The agency proposed discontinuing automatic reweighting for nurse practitioners, physician assistants, certified registered nurse anesthetists, and clinical nurse specialists. In addition, APM Entities would be able to report Promoting Interoperability data at the APM Entity level rather than the individual or group level.

READ MORE: CMS Plans to Reweight 2021 MIPS Cost Performance Category

The rule also proposed making the Query of Prescription Drug Monitoring Program (PDMP) measure required during the 2023 performance period and expanding the measure’s scope to include Schedules III and IV drugs.

CMS altered the maximum points for Promoting Interoperability measures, including decreases for Health Information Exchange (HIE) and Provider to Patient Exchange measures and increases for Public Health and Clinical Data Exchange measures.

MIPS Value Pathways

CMS also introduced updates to the MIPS Value Pathways (MVPs) in the CY 2023 PFS proposed rule.

The agency has proposed five new MVPs for the 2023 performance year: Advancing Cancer Care, Optimal Care for Kidney Health, Optimal Care for Patients with Episodic Neurological Conditions, Supportive Care for Neurodegenerative Conditions, and Promoting Wellness. The rule also included revisions to the seven previously established MVPs.
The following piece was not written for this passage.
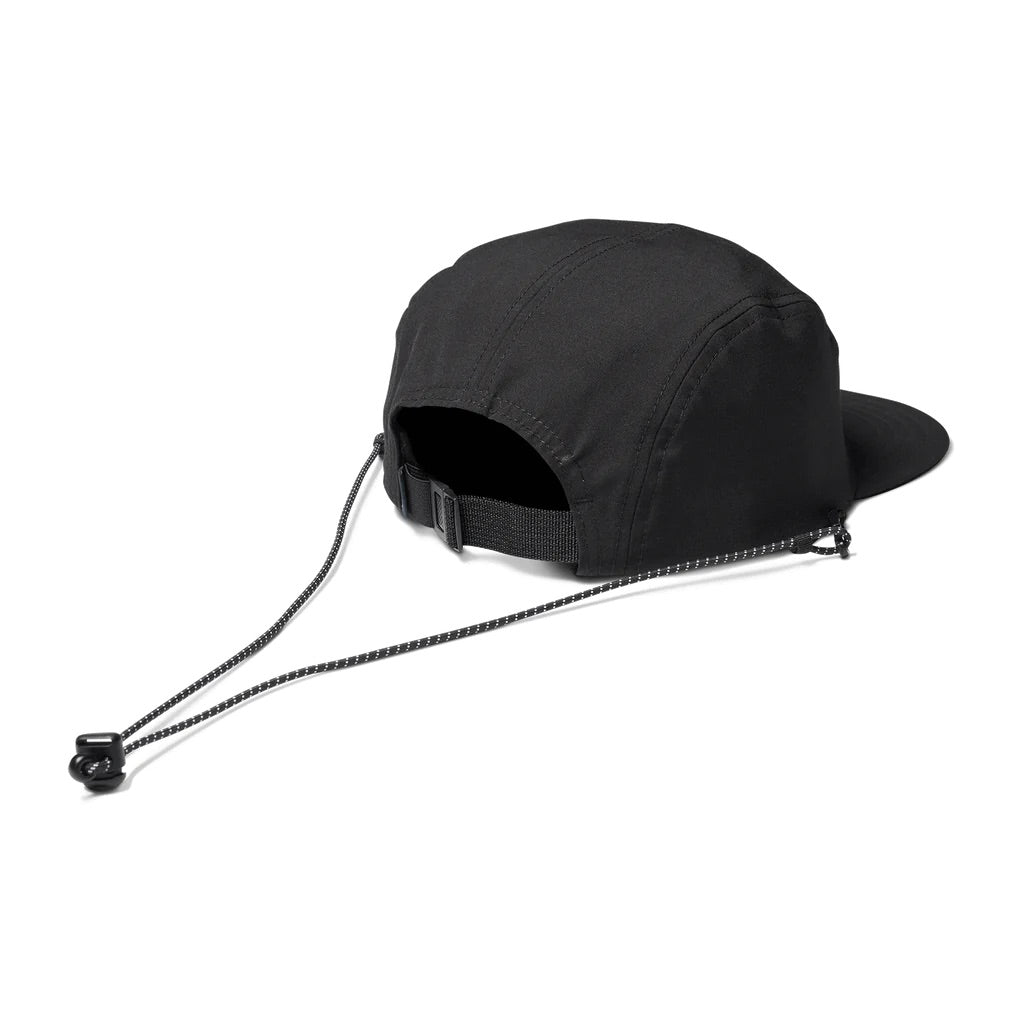 Chiller Crushable Hat Black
CMS proposed changes to subgroup participation as well. For example, the agency proposed to use the first segment of the MIPS determination period to determine clinician eligibility for registering as a subgroup. When reporting as a subgroup, the agency would calculate and score administrative claims measures at the affiliated group Taxpayer Identification Number (TIN) level.

READ MORE: Top Challenges of the Merit-Based Incentive Payment System

Regarding subgroup reporting, subgroups would be assigned the affiliated group’s score for each selected population health measure, outcomes-based administrative claims measure, and cost score.

“We anticipate that subgroup reporting would allow CMS to capture clinician performance at a more granular level, provide performance feedback to clinicians relevant to their scope of care provided, and provide patients better data to make informed decisions about their care needs,” a QPP proposed rule fact sheet stated.

Advanced Alternative Payment Models

The proposed rule included policies to reduce burden and facilitate participation in APMS, including permanently establishing the 8 percent minimum Generally Applicable Nominal Risk standard for Advanced APM. This policy is set to expire in 2024 and specifies that Advanced APMs require more than a nominal amount of financial risk.

Additionally, CMS proposed to apply the Medical Home Model 50 eligible clinician limit to the participating APM Entity rather than the parent organization. The agency plans to identify the clinicians in the APM Entity using the TIN/NPIs on the entity’s participation list.

Requests for Information

Finally, CMS issued several Requests for Information (RFIs) in the CY 2023 PFS proposed rule to gather feedback on the future of the QPP.

The rule included an RFI on developing and implementing health equity measures for the MIPS quality performance category, the payment gap for QPs and transition to enhanced conversion factor updates, and the development of quality measures that address amputation avoidance in diabetic patients.

Other RFIs centered around incentivizing participation in the Trusted Exchange Framework and Common Agreement (TEFCA), advancing to digital quality measurement and FHIR use in the QPP, and transitioning to individual QP determination.